Fig. 1(a) and fig. 1(b) are schematic diagrams of two application environments of a driving method in an embodiment of the present application. When the electric carving machine works normally, the main shaft of the electric carving machine drives the printing roller to rotate at a high speed under the driving of the alternating-current servo motor, the carving head is pressed on the surface of the printing roller driven by the main shaft under the driving of the head leaning motor, and the trolley drives the carving head to move continuously at a low speed or move along the axial direction of the printing roller in a stepping mode under the driving of the screw rod of the servo motor. The industrial personal computer in the electric carving control system converts the patterns to be processed by the electric carving machine into digital image information, the driving module converts digital signals into analog signals through the digital-analog converter, and the carving head is controlled to carve carving points with different sizes and depths on the surface of the plate roller copper layer at fixed frequency (4K-12 KHz), so that a mesh point is formed.

Fig. 2 is a schematic flow chart of an electrical discharge machining control method according to an embodiment of the present invention. In one embodiment, the method for controlling electroengraving includes steps S210 to S240.

And step S210, acquiring carving control signals according to the pattern to be processed of the electric carving control system.

The image engraved on the plate roller can comprise a plurality of groups of patterns to be processed, and the plurality of groups of patterns to be processed can be engraved for multiple times. The pattern to be processed engraved in one engraving process may include a plurality of cells that surround the plate roller and are distributed at equal intervals, and the plurality of cells may be distributed spirally or circumferentially around the plate roller, for example.

And S220, controlling the engraving head to engrave the mesh on the moving plate roller according to the engraving control signal.

Specifically, the plate roller rotates around the central shaft of the plate roller, and the engraving head reciprocates perpendicular to the cylindrical surface of the plate roller while moving along the axial direction of the plate roller under the driving of the engraving control signal to form a mesh on the plate roller while rotating the plate roller.
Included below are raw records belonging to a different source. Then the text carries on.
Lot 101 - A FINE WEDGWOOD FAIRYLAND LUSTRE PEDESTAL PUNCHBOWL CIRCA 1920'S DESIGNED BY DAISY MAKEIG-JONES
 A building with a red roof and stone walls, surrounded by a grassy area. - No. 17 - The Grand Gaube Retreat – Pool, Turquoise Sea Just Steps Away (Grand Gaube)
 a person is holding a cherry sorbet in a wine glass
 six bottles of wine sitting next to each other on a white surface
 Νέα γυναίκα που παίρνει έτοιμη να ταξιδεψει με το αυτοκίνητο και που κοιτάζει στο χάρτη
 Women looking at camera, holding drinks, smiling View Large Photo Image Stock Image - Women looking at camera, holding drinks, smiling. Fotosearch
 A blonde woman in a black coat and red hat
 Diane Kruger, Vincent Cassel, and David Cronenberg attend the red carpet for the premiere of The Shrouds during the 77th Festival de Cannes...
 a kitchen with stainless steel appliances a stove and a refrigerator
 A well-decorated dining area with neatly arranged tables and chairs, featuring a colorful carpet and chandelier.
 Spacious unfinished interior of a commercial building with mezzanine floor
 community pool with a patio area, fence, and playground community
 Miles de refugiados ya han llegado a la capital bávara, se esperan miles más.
Step S230, obtaining the size information of the current cell engraved by the engraving head at the current time, the cell distance between the current cell and the previous cell engraved at the previous time, and the rotation speed of the printing roller at the current time.

The size information and the cell spacing can be detected in a laser scanning mode; the rotating speed of the plate roller can be detected by a speed sensor.

And S240, modulating the carving control signal according to the size information, the mesh space and the rotating speed to change the size of the next mesh carved on the plate roller by the carving head and the time for carving the next mesh.

It can be understood that, on the one hand, according to the size information of the current cell and the size information of the cell on the pattern to be processed, the size error of the current cell can be obtained, and then the engraving control signal is modulated according to the size error to compensate the influence of the external factors on the size of the cell, so that when the next cell is engraved according to the modulated engraving control signal, the size of the next cell is closer to the size of the cell on the pattern to be processed, wherein the compensation can be positive compensation for increasing the size of the next cell or negative compensation for decreasing the size of the next cell.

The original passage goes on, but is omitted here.